Dissenting - Justice Kagan
No, the emergency application for a stay should be denied because the Court's reasoning is under-developed and possibly wrong, particularly regarding the proper forum for this dispute and the assertion of irreparable harm. The Government failed to defend the legality of canceling the education grants, focusing instead on jurisdictional issues. Contrary to the per curiam opinion, the respondent States consistently represented that the loss of grants would force them to curtail teacher training programs, indicating irreparable harm. The general rule is that APA actions, even those potentially resulting in fund disbursement, belong in district courts, as held in Bowen v. Massachusetts. The majority's reliance on Great-West Life & Annuity Ins. Co. v. Knudson is misplaced because Great-West was not an APA case. Deciding such a complex issue on an emergency docket with barebones briefing and no argument increases the risk of error, and there was no urgency demanding immediate intervention.
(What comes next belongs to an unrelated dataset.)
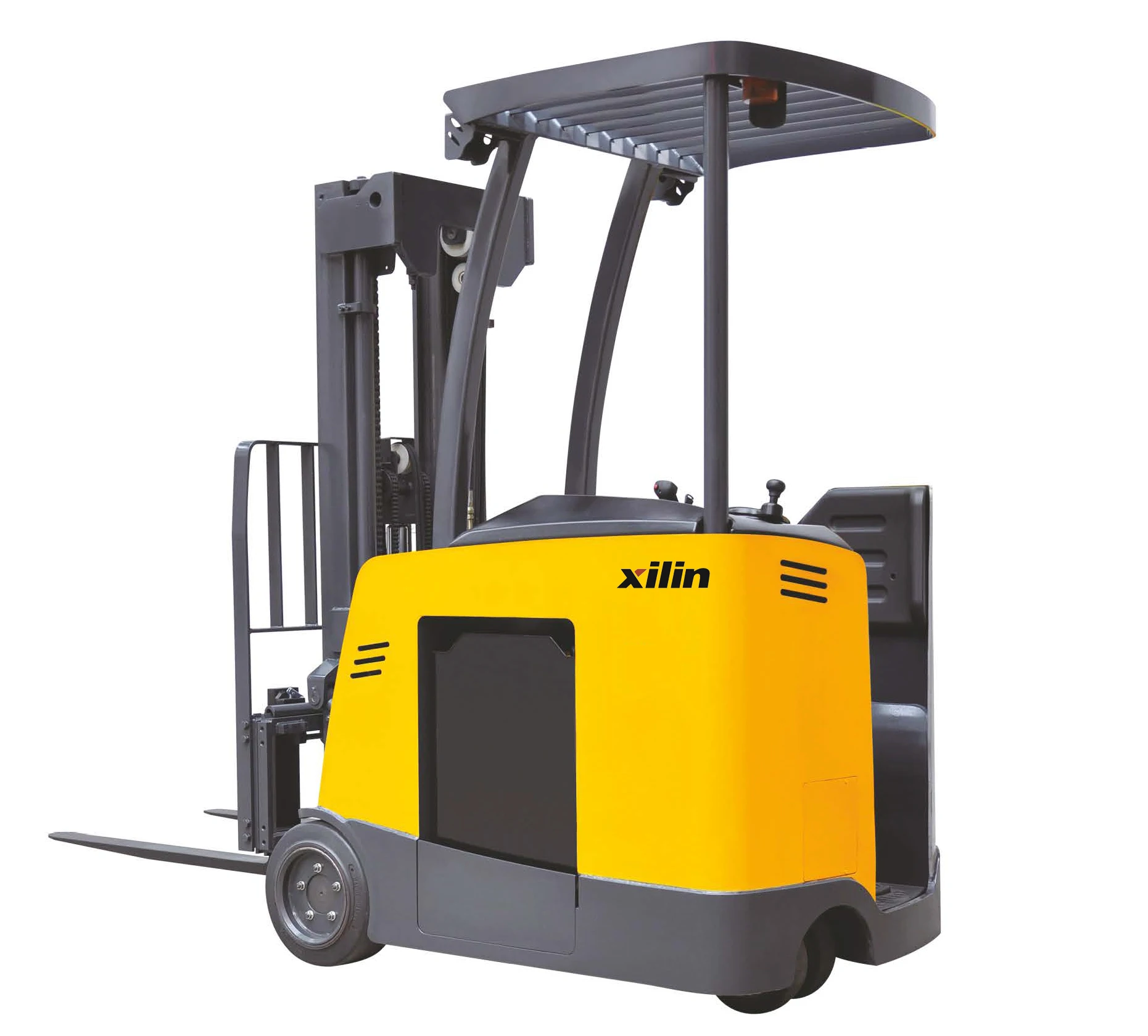 Шилин 1800 кг 4000lbs вес Электрический стоячий вилочный погрузчик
Dissenting - Justice Jackson
No, the application should have been swiftly denied for numerous independent reasons, primarily because the Supreme Court lacks jurisdiction over this interlocutory temporary restraining order, and no exigency warrants emergency relief. Ordinarily, TROs are not appealable unless 'potentially unlimited' in duration or causing 'serious, perhaps irreparable, consequence,' neither of which applies to this time-limited TRO that merely restores the status quo. The TRO also explicitly permits individual grant terminations consistent with law. Furthermore, the Government failed to demonstrate the exigency required for emergency relief, as the TRO was set to expire imminently, and its assertions of harm were speculative and not irreparable (e.g., no evidence of a rush to draw funds, periodic draw-down requests, and government mechanisms for recoupment). Most significantly, the Government did not even attempt to defend the lawfulness of its grant termination policy against the Plaintiff States' arbitrary and capricious claims under the APA. The Department's mass termination with boilerplate letters and lack of due process likely violated APA standards, making the lower courts' assessment of likely unlawfulness reasonable. The balance of equities clearly favors the Plaintiff States, who face concrete harms like employee firings and program cancellations, directly contradicting Congressional goals for the grant programs.
Analysis:
This case highlights the Supreme Court's growing use of its 'shadow docket' for substantive decisions without full briefing or oral argument, drawing criticism from dissenting justices. The majority's decision narrows the scope of the APA's sovereign immunity waiver, reinforcing that claims for contractual payment obligations against the government must typically be brought under the Tucker Act in the Court of Federal Claims, even if framed as an APA challenge. It also provides guidance on when a TRO, though temporary, may be reclassified as an appealable preliminary injunction, signaling increased appellate scrutiny of such orders, particularly when they involve significant governmental financial obligations.